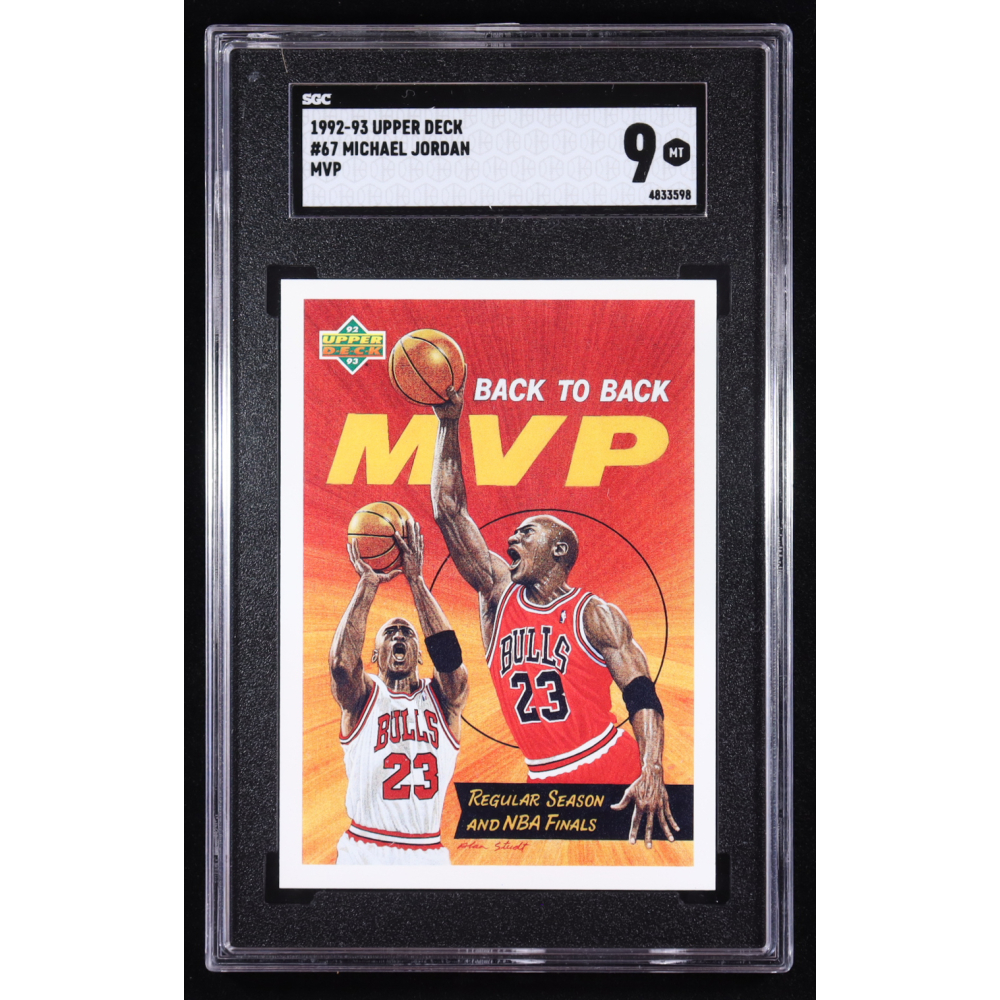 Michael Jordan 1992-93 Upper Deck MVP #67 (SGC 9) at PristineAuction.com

##############################

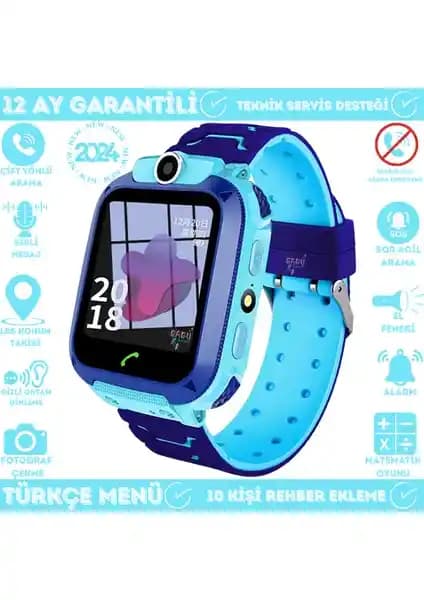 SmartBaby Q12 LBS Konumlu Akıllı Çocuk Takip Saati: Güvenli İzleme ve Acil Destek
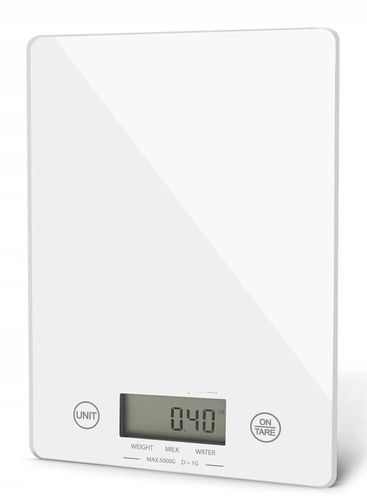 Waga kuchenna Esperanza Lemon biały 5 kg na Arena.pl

##############################

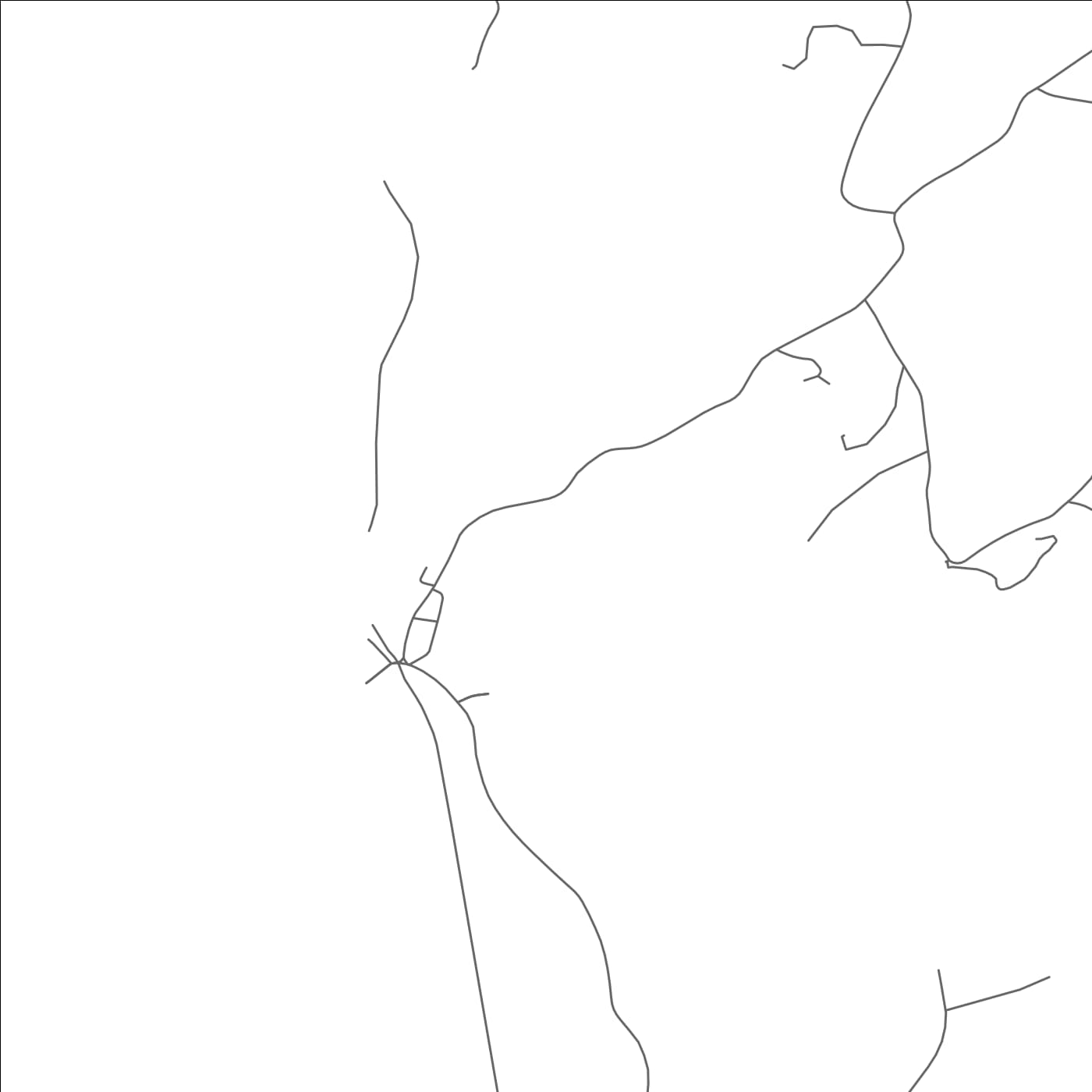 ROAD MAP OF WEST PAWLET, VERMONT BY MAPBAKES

##############################

Using the data above, give again exactly the lines starting at the one holding "SmartBaby Q12 LBS" and ending at the one holding "Waga kuchenna Esperanza", inclusive, and nothing more. Omit the pictures.

 SmartBaby Q12 LBS Konumlu Akıllı Çocuk Takip Saati: Güvenli İzleme ve Acil Destek
 Waga kuchenna Esperanza Lemon biały 5 kg na Arena.pl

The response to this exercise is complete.